# Rebound relationships - how long?



## KNIFE IN THE HEART (Oct 20, 2011)

How long do these relationships last? My stbxh started one about 6 months after we split. It's coming up on 2.5 years now. I know it's a terrible thing for me to feel but I'm just waiting for the day that it ends. 

I think I feel this way because I want to see him be alone, to really be alone and see what it feels like. He's the kind of person who always has to have someone around regardless of the quality of the relationship. 

This desire to see him be alone is a really ugly side of my personality. I wonder if there's a part of me (a very small part!) that thinks that if they break up, he'll want to be with me. 

Oh this roller coaster ride!

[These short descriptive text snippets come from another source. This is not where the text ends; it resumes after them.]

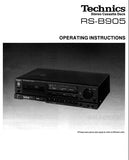 TECHNICS RS-B905 STEREO CASSETTE TAPE DECK OPERATING INSTRUCTIONS INC CONN DIAG AND TRSHOOT GUIDE 14 PAGES ENG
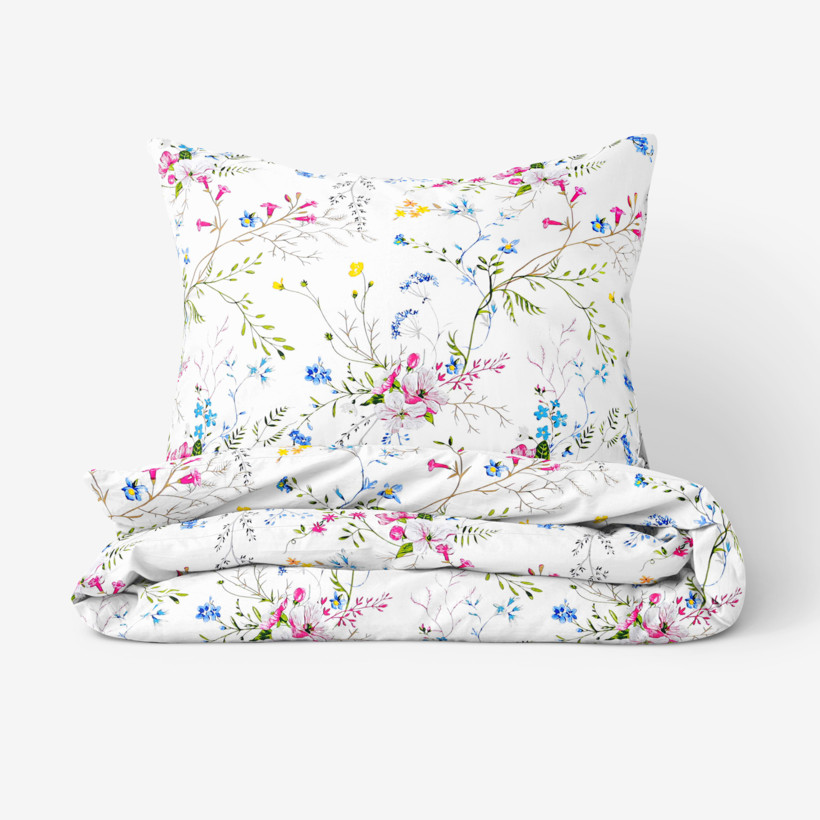 Bavlnené posteľné obliečky - maľované lúčne kvety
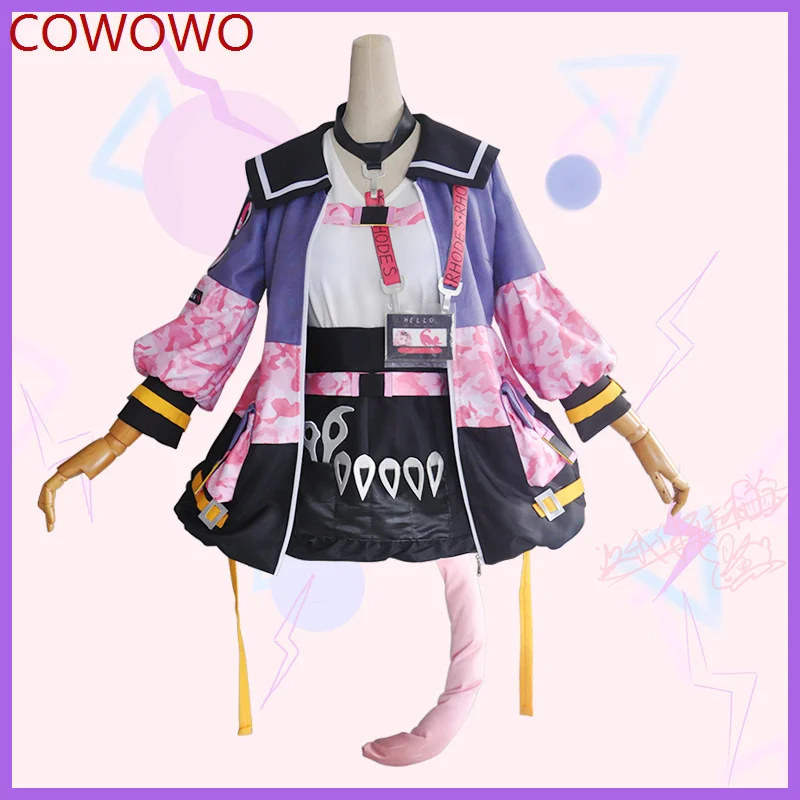 

Game Anime Arknights Cosplay Goldenglow Girl Women Top Coat Short Skirt Tail Headwear Pantyhose Full Suit Halloween Costume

You think you're off but you're just in the middle!


----------



## HappyKaty (Nov 20, 2012)

You can Google those statistics.

However, as long as your pour your energy into him, and the demise of his happiness (whether it's founded, or not), you'll never heal. 

What you should be focusing on is your own happiness, sans him.


----------



## I'mInLoveWithMyHubby (Nov 7, 2011)

I don't call myself a rebound relationship with my husband. We started dating under a year after his divorce. We've had the best last 15 years together and there is no plans of ending what we have.

My ex h married his affair partner and they are still together 20 years later. 

I really don't think time is relevant.


----------



## smallsteps (Feb 23, 2013)

Mine is involved with the ow for 10 months after our split. I don't think she's going anywhere but do you know what, I really don't care anymore.

When it first happened I googled all the statistics. Now it doesn't matter. Let them have each other.


----------



## gigi888 (Oct 6, 2013)

Let it go....you are just hurting yourself more by doing it. I know it is easier said than done as I am practicing it myself.


----------



## KNIFE IN THE HEART (Oct 20, 2011)

HappyKaty said:


> You can Google those statistics.
> 
> However, as long as your pour your energy into him, and the demise of his happiness (whether it's founded, or not), you'll never heal.
> 
> What you should be focusing on is your own happiness, sans him.


You are so right! And I know it intellectually , I just need to internalize it. This is going to be my mantra for the next little while.


----------



## KNIFE IN THE HEART (Oct 20, 2011)

gigi888 said:


> Let it go....you are just hurting yourself more by doing it. I know it is easier said than done as I am practicing it myself.


You're right. I just have to keep reminding myself of that. That's why I post here. When I know I'm on the wrong path, I get these kinds of great comments to set me straight. 

And it's so true that it's easier said than done. We can see it so clearly when someone else is in the situation. Thank goodness for TAM!


----------



## KNIFE IN THE HEART (Oct 20, 2011)

Congrats I'mInLove. It's encouraging to hear that there is hope for a long, fulfilling relationship after divorce. There's been times since the end that I wondered if I could ever have another relationship, you've given me hope.


----------



## HappyKaty (Nov 20, 2012)

KNIFE IN THE HEART said:


> You are so right! And I know it intellectually , I just need to internalize it. This is going to be my mantra for the next little while.


I'm no stranger to the emotions. It's VERY hard. But, in order to successfully move forward, you have to leave him alone completely...no conversation, at all.


----------